__Given data__
◇ ◇ ◇ ◇
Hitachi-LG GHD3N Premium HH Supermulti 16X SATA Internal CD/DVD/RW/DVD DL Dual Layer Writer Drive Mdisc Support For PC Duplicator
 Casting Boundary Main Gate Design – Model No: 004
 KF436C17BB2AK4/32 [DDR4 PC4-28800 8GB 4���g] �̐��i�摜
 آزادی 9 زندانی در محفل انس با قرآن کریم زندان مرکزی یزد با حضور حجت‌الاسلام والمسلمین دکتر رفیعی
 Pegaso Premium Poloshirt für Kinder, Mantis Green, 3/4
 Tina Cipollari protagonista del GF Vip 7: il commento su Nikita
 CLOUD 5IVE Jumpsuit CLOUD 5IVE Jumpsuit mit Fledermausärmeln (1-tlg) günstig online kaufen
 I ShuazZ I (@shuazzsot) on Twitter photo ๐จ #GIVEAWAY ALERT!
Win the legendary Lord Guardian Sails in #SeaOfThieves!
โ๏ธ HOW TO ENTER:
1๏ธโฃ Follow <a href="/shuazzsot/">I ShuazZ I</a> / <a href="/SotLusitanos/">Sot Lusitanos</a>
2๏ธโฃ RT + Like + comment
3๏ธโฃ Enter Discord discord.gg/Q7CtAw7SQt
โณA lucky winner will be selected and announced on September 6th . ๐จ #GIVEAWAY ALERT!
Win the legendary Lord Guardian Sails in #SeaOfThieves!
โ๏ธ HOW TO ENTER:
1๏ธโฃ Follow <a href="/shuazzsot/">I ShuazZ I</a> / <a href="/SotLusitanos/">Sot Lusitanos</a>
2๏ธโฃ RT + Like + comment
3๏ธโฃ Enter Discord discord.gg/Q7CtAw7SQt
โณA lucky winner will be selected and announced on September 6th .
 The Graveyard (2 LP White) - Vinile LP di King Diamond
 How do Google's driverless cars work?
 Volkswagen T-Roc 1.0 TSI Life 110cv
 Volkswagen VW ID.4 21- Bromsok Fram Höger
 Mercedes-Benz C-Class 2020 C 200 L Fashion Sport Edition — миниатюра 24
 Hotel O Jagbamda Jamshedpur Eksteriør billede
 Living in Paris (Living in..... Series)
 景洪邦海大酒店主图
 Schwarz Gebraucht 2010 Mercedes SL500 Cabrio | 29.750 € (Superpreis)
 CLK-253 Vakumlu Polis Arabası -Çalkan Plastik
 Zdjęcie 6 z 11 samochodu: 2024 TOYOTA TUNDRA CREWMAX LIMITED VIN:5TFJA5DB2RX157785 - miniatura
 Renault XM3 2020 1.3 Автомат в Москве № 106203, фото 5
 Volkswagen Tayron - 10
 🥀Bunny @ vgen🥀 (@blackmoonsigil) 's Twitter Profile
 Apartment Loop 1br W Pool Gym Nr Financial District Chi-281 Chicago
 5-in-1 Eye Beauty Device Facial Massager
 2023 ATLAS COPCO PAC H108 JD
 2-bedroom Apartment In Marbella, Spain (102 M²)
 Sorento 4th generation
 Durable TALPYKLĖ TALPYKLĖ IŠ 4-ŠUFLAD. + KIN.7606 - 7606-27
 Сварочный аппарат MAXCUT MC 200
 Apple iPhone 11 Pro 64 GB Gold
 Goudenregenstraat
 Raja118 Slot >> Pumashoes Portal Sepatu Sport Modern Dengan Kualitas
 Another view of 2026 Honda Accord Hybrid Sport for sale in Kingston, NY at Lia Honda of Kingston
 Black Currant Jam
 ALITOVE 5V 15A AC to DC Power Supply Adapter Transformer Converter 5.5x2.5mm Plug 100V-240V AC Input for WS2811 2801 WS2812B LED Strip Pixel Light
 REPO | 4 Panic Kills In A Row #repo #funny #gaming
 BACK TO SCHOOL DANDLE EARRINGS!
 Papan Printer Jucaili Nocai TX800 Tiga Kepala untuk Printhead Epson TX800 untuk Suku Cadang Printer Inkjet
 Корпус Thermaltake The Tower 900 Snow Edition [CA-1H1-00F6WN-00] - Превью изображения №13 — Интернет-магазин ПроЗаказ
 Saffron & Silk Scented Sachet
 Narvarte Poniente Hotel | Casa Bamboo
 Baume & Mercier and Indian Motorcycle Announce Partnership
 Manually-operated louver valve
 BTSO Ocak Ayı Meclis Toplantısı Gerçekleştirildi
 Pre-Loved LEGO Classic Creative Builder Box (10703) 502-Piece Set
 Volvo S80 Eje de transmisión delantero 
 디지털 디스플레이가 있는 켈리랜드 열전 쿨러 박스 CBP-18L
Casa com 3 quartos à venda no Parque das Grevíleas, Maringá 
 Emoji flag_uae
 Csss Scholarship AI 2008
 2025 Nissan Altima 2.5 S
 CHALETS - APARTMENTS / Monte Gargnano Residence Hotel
◇ ◇ ◇ ◇
__What you need to do__
Exactly as written above, set down the whole listing again.

__Exercise solution__
Hitachi-LG GHD3N Premium HH Supermulti 16X SATA Internal CD/DVD/RW/DVD DL Dual Layer Writer Drive Mdisc Support For PC Duplicator
 Casting Boundary Main Gate Design – Model No: 004
 KF436C17BB2AK4/32 [DDR4 PC4-28800 8GB 4���g] �̐��i�摜
 آزادی 9 زندانی در محفل انس با قرآن کریم زندان مرکزی یزد با حضور حجت‌الاسلام والمسلمین دکتر رفیعی
 Pegaso Premium Poloshirt für Kinder, Mantis Green, 3/4
 Tina Cipollari protagonista del GF Vip 7: il commento su Nikita
 CLOUD 5IVE Jumpsuit CLOUD 5IVE Jumpsuit mit Fledermausärmeln (1-tlg) günstig online kaufen
 I ShuazZ I (@shuazzsot) on Twitter photo ๐จ #GIVEAWAY ALERT!
Win the legendary Lord Guardian Sails in #SeaOfThieves!
โ๏ธ HOW TO ENTER:
1๏ธโฃ Follow <a href="/shuazzsot/">I ShuazZ I</a> / <a href="/SotLusitanos/">Sot Lusitanos</a>
2๏ธโฃ RT + Like + comment
3๏ธโฃ Enter Discord discord.gg/Q7CtAw7SQt
โณA lucky winner will be selected and announced on September 6th . ๐จ #GIVEAWAY ALERT!
Win the legendary Lord Guardian Sails in #SeaOfThieves!
โ๏ธ HOW TO ENTER:
1๏ธโฃ Follow <a href="/shuazzsot/">I ShuazZ I</a> / <a href="/SotLusitanos/">Sot Lusitanos</a>
2๏ธโฃ RT + Like + comment
3๏ธโฃ Enter Discord discord.gg/Q7CtAw7SQt
โณA lucky winner will be selected and announced on September 6th .
 The Graveyard (2 LP White) - Vinile LP di King Diamond
 How do Google's driverless cars work?
 Volkswagen T-Roc 1.0 TSI Life 110cv
 Volkswagen VW ID.4 21- Bromsok Fram Höger
 Mercedes-Benz C-Class 2020 C 200 L Fashion Sport Edition — миниатюра 24
 Hotel O Jagbamda Jamshedpur Eksteriør billede
 Living in Paris (Living in..... Series)
 景洪邦海大酒店主图
 Schwarz Gebraucht 2010 Mercedes SL500 Cabrio | 29.750 € (Superpreis)
 CLK-253 Vakumlu Polis Arabası -Çalkan Plastik
 Zdjęcie 6 z 11 samochodu: 2024 TOYOTA TUNDRA CREWMAX LIMITED VIN:5TFJA5DB2RX157785 - miniatura
 Renault XM3 2020 1.3 Автомат в Москве № 106203, фото 5
 Volkswagen Tayron - 10
 🥀Bunny @ vgen🥀 (@blackmoonsigil) 's Twitter Profile
 Apartment Loop 1br W Pool Gym Nr Financial District Chi-281 Chicago
 5-in-1 Eye Beauty Device Facial Massager
 2023 ATLAS COPCO PAC H108 JD
 2-bedroom Apartment In Marbella, Spain (102 M²)
 Sorento 4th generation
 Durable TALPYKLĖ TALPYKLĖ IŠ 4-ŠUFLAD. + KIN.7606 - 7606-27
 Сварочный аппарат MAXCUT MC 200
 Apple iPhone 11 Pro 64 GB Gold
 Goudenregenstraat
 Raja118 Slot >> Pumashoes Portal Sepatu Sport Modern Dengan Kualitas
 Another view of 2026 Honda Accord Hybrid Sport for sale in Kingston, NY at Lia Honda of Kingston
 Black Currant Jam
 ALITOVE 5V 15A AC to DC Power Supply Adapter Transformer Converter 5.5x2.5mm Plug 100V-240V AC Input for WS2811 2801 WS2812B LED Strip Pixel Light
 REPO | 4 Panic Kills In A Row #repo #funny #gaming
 BACK TO SCHOOL DANDLE EARRINGS!
 Papan Printer Jucaili Nocai TX800 Tiga Kepala untuk Printhead Epson TX800 untuk Suku Cadang Printer Inkjet
 Корпус Thermaltake The Tower 900 Snow Edition [CA-1H1-00F6WN-00] - Превью изображения №13 — Интернет-магазин ПроЗаказ
 Saffron & Silk Scented Sachet
 Narvarte Poniente Hotel | Casa Bamboo
 Baume & Mercier and Indian Motorcycle Announce Partnership
 Manually-operated louver valve
 BTSO Ocak Ayı Meclis Toplantısı Gerçekleştirildi
 Pre-Loved LEGO Classic Creative Builder Box (10703) 502-Piece Set
 Volvo S80 Eje de transmisión delantero 
 디지털 디스플레이가 있는 켈리랜드 열전 쿨러 박스 CBP-18L
Casa com 3 quartos à venda no Parque das Grevíleas, Maringá 
 Emoji flag_uae
 Csss Scholarship AI 2008
 2025 Nissan Altima 2.5 S
 CHALETS - APARTMENTS / Monte Gargnano Residence Hotel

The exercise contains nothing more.